» About this task
Lines to return, exactly: from the line with "Das Kyffhäuserdenkmal ist" to the line with "Used 2025 Land" in the entries below, both included.

» Material for the task
##############################

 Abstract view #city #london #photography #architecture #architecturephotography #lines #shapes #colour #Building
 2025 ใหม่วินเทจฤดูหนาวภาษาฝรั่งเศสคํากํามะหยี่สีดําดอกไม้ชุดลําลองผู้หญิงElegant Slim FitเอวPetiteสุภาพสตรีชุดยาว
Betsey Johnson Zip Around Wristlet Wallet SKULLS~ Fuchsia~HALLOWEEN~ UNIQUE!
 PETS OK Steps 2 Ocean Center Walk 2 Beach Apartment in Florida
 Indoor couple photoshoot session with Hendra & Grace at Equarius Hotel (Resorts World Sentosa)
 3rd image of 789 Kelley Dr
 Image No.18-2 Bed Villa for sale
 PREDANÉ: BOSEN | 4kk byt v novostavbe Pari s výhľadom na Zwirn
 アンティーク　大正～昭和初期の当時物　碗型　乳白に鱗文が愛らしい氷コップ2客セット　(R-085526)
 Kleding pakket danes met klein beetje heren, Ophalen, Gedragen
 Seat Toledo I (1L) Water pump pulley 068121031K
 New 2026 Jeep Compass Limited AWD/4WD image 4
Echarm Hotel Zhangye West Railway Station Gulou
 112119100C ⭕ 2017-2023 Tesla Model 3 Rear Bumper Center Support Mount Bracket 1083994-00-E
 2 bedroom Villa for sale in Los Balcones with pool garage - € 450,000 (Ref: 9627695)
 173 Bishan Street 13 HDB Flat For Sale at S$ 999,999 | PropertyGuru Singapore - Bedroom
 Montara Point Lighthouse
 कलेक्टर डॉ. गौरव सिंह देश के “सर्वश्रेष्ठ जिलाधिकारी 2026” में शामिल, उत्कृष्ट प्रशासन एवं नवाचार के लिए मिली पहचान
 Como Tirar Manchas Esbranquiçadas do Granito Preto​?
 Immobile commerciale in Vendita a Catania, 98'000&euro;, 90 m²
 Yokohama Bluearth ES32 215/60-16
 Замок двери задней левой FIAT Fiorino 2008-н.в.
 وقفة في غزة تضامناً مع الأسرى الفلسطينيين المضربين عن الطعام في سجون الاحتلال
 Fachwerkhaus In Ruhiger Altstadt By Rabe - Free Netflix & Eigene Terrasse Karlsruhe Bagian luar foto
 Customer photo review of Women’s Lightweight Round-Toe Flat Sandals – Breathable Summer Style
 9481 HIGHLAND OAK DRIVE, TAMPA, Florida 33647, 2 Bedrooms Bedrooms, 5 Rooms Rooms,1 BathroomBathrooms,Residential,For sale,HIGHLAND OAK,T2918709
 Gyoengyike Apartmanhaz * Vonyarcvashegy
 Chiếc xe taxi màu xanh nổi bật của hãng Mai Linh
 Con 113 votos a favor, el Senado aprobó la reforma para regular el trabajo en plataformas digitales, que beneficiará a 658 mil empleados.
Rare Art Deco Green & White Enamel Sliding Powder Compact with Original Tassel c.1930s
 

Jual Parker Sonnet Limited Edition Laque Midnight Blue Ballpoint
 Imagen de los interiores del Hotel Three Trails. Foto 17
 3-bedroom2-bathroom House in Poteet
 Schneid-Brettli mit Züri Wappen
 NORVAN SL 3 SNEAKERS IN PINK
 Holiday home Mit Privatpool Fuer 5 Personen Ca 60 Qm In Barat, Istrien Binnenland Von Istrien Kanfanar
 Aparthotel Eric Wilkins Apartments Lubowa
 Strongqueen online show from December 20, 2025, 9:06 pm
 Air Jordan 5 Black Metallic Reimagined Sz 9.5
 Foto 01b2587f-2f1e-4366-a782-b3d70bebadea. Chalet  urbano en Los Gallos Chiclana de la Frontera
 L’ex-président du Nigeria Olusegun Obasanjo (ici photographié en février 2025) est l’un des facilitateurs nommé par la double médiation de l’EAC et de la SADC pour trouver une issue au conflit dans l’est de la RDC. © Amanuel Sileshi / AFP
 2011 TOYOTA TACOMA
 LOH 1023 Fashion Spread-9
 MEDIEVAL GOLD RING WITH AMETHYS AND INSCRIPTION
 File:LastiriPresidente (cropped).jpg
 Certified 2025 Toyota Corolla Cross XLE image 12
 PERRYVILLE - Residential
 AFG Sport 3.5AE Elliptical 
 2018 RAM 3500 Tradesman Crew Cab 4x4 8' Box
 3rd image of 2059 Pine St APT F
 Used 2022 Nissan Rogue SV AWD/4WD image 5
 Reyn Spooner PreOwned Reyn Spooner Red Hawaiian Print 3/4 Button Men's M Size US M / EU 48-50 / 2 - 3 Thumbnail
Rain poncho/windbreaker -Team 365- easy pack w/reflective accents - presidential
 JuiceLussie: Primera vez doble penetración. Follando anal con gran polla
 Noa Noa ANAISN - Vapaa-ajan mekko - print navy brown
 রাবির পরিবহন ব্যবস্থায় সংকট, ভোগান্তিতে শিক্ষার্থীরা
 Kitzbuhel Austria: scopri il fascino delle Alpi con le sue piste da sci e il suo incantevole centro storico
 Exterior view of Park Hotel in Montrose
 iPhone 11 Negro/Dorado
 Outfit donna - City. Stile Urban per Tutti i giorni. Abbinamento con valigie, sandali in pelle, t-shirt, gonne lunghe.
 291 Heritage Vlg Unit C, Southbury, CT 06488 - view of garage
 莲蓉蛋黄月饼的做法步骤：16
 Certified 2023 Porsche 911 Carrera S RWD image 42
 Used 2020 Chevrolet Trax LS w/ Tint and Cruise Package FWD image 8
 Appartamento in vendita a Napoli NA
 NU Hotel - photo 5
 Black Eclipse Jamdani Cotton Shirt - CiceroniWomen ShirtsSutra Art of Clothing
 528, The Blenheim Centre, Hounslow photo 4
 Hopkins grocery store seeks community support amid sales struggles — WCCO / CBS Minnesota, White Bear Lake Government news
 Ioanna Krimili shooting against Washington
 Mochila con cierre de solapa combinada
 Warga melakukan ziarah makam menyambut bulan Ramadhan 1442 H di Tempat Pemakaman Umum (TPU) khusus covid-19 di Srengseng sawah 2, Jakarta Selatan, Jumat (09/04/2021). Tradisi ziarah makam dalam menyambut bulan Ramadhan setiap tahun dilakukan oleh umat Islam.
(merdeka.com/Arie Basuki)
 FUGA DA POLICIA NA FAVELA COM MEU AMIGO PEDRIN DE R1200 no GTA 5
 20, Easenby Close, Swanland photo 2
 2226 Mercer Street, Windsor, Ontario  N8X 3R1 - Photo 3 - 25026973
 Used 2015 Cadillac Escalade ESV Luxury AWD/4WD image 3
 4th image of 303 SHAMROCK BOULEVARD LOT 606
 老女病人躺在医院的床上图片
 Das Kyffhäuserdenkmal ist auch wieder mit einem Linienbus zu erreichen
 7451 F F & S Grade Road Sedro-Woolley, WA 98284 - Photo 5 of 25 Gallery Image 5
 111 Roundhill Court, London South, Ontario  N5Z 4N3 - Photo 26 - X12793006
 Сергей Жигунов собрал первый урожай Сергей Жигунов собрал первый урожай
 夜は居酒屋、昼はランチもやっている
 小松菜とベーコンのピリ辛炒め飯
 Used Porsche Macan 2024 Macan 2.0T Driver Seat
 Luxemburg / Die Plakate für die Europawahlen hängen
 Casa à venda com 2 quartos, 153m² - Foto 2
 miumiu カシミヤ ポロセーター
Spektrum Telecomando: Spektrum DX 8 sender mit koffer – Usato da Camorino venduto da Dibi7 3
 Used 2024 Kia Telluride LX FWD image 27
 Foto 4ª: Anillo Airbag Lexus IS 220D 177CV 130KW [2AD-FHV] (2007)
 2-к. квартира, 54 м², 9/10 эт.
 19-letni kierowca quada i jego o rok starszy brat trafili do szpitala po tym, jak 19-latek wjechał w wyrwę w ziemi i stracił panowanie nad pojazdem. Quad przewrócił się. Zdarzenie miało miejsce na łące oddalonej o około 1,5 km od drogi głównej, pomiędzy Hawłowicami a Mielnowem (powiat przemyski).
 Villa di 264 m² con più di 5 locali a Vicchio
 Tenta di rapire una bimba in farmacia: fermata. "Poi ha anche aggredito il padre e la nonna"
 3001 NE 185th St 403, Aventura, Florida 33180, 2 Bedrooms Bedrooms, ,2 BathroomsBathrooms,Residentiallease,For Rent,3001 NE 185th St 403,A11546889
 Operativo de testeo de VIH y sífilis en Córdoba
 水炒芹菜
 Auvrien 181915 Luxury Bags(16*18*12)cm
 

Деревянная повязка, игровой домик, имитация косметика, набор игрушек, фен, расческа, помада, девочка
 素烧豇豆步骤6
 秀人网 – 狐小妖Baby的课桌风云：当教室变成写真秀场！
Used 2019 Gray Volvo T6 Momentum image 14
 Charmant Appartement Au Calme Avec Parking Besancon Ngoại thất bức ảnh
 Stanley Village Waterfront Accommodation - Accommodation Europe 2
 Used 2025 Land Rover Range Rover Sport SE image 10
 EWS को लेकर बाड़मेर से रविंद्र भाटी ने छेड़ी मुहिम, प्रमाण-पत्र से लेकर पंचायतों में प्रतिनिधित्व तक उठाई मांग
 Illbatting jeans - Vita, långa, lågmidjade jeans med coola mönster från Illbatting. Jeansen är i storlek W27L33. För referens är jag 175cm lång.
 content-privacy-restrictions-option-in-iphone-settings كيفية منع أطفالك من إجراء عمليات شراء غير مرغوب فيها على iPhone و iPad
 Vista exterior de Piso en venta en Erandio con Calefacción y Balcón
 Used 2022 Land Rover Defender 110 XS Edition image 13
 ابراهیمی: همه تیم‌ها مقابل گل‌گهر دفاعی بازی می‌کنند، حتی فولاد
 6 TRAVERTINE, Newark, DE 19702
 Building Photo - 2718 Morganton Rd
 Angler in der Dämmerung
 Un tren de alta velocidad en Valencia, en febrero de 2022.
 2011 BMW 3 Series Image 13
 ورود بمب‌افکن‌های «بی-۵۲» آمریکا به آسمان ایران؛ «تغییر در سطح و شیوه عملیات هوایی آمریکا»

##############################

» The completed task
 Das Kyffhäuserdenkmal ist auch wieder mit einem Linienbus zu erreichen
 7451 F F & S Grade Road Sedro-Woolley, WA 98284 - Photo 5 of 25 Gallery Image 5
 111 Roundhill Court, London South, Ontario  N5Z 4N3 - Photo 26 - X12793006
 Сергей Жигунов собрал первый урожай Сергей Жигунов собрал первый урожай
 夜は居酒屋、昼はランチもやっている
 小松菜とベーコンのピリ辛炒め飯
 Used Porsche Macan 2024 Macan 2.0T Driver Seat
 Luxemburg / Die Plakate für die Europawahlen hängen
 Casa à venda com 2 quartos, 153m² - Foto 2
 miumiu カシミヤ ポロセーター
Spektrum Telecomando: Spektrum DX 8 sender mit koffer – Usato da Camorino venduto da Dibi7 3
 Used 2024 Kia Telluride LX FWD image 27
 Foto 4ª: Anillo Airbag Lexus IS 220D 177CV 130KW [2AD-FHV] (2007)
 2-к. квартира, 54 м², 9/10 эт.
 19-letni kierowca quada i jego o rok starszy brat trafili do szpitala po tym, jak 19-latek wjechał w wyrwę w ziemi i stracił panowanie nad pojazdem. Quad przewrócił się. Zdarzenie miało miejsce na łące oddalonej o około 1,5 km od drogi głównej, pomiędzy Hawłowicami a Mielnowem (powiat przemyski).
 Villa di 264 m² con più di 5 locali a Vicchio
 Tenta di rapire una bimba in farmacia: fermata. "Poi ha anche aggredito il padre e la nonna"
 3001 NE 185th St 403, Aventura, Florida 33180, 2 Bedrooms Bedrooms, ,2 BathroomsBathrooms,Residentiallease,For Rent,3001 NE 185th St 403,A11546889
 Operativo de testeo de VIH y sífilis en Córdoba
 水炒芹菜
 Auvrien 181915 Luxury Bags(16*18*12)cm
 

Деревянная повязка, игровой домик, имитация косметика, набор игрушек, фен, расческа, помада, девочка
 素烧豇豆步骤6
 秀人网 – 狐小妖Baby的课桌风云：当教室变成写真秀场！
Used 2019 Gray Volvo T6 Momentum image 14
 Charmant Appartement Au Calme Avec Parking Besancon Ngoại thất bức ảnh
 Stanley Village Waterfront Accommodation - Accommodation Europe 2
 Used 2025 Land Rover Range Rover Sport SE image 10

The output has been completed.